The Minister of Food and Agriculture, Bryan Acheampong, has hinted that the cabinet is currently deliberating on the possibility of granting tax exemptions for the importation of agricultural inputs.
“The problem is, when prices go up, no matter what we do, our businesses are unwilling to bring prices down and that is the problem. Irrespective, I will do all I can to ensure your request is granted,” he stated during a meeting with the Peasant Farmers Association of Ghana (PFAG).
At the meeting held in Accra, the two parties discussed crucial matters influencing the sector’s growth, including granting tax exemptions for the importation of agricultural inputs.
While awaiting the conclusion of discussions at the cabinet level, Mr. Acheampong said his office has been actively approving requests for exemptions for such inputs by importers, disclosing that as at the beginning of this month, more than 60 exemptions had been granted.
The minister’s disclosure comes on the back of concerns raised by PFAG over the austere economic conditions brought about by the International Monetary Fund (IMF) bail-out.
PFAG’s Executive Secretary, Dr. Charles Nyaaba, told the B&FT that given the country’s unsatisfactory performance in food production, leading to rising food inflation, farmers had anticipated that measures would be implemented to enable farmers to enhance their output, ultimately boosting food supply and mitigating inflation.
“We were expecting to see radical measures that will ensure that the Planting for Food and Jobs policy delivers on its mandate; but that hasn’t happened. Instead, as part of the IMF conditions, the government took off tax waivers that the sector actors were benefitting from. For instance, we used to have tax waivers when you are bringing farm mechanisation products; tax waivers on fertiliser, imported seeds, agrochemicals and veterinary medicines. All these waivers have been taken out,” he stated.
He also said food prices, which continue to drive inflation up, will keep rising unless something is done to lower the cost of farm inputs.
Working together for food sustainability
Acknowledging the impact of the taxes on farmers, the Food and Agriculture Minister assured PFAG during the meeting of his resolve to work closely with the association and farmers across the country to increase yields and productivity.
He added that the ministry was implementing strategic measures to guarantee that farmers around the nation have access to inputs.
The issues discussed at the meeting ranged from the current onion crisis – which has resulted in the lock-up of over 60 trucks of imported onions at the Benin and Burkina Faso border, the implementation of the PFJ phase two, and the implications of the new Tax Exemptions Act on the prices of agricultural inputs.

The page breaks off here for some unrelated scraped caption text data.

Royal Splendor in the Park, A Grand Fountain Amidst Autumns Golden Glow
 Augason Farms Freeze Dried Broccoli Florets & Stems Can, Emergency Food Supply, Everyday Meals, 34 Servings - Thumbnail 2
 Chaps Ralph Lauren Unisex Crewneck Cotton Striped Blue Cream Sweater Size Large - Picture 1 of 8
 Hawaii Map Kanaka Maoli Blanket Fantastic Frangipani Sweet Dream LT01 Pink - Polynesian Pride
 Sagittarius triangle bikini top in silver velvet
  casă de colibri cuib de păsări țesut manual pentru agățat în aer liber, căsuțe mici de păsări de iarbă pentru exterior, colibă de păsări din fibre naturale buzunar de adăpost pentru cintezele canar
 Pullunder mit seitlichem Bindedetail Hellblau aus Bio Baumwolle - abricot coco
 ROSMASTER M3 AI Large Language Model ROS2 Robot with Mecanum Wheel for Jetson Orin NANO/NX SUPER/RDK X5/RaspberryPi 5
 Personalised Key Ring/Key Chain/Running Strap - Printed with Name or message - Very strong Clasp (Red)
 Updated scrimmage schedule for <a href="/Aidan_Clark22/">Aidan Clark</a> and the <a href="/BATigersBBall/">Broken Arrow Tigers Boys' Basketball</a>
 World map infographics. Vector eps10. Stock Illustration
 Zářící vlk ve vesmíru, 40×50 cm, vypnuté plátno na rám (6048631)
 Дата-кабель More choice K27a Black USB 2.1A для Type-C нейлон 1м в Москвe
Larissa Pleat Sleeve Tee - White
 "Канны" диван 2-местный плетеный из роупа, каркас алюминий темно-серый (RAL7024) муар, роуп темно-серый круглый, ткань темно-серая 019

Addressing the onion issue and the plea by onion traders for the ministry to intervene to enable them to move their goods into the country, Mr. Acheampong asserted that the government’s preoccupation was to ensure enough production of onions locally to reduce and eventually stop its importation.
He insisted that while the government is concerned about the locked-up goods and is working diplomatically to resolve the issue, the priority of the ministry is to bring onion producers together and work out a modality that will address the current challenges preventing them from producing enough for domestic consumption.
He continued that the ministry has worked out modalities for the PFJ phase two, which is expected to be launched later in the month. It will address the major concerns of farmers. With an aggregator system, farmers will have access to seeds, fertilisers, extension services, mechanisation and post-harvest services, and will only repay the cost of these services after harvesting.
Responding to concerns of farmers regarding the criteria for the selection of the aggregators under the model, the minister assured that existing aggregators will not be crowded out due to this programme and that the ministry will continually work with the farmers to ensure that the right aggregators are selected for this programme.
He emphasised that the programme is inclusive and that all farmers, including youths, women and aggregators, will form an integral part of it.
Speaking on behalf of PFAG, Dr. Nyaaba was grateful to the minister for his unwavering resolve to work with farmers to improve the fortunes of the sector. He pledged his outfit’s cooperation and support to enable the government to achieve the long-term vision of ensuring food sufficiency in the country.
He also called on all farmers, value chain actors and service providers to join in helping to make Ghana a food hub in the sub-region.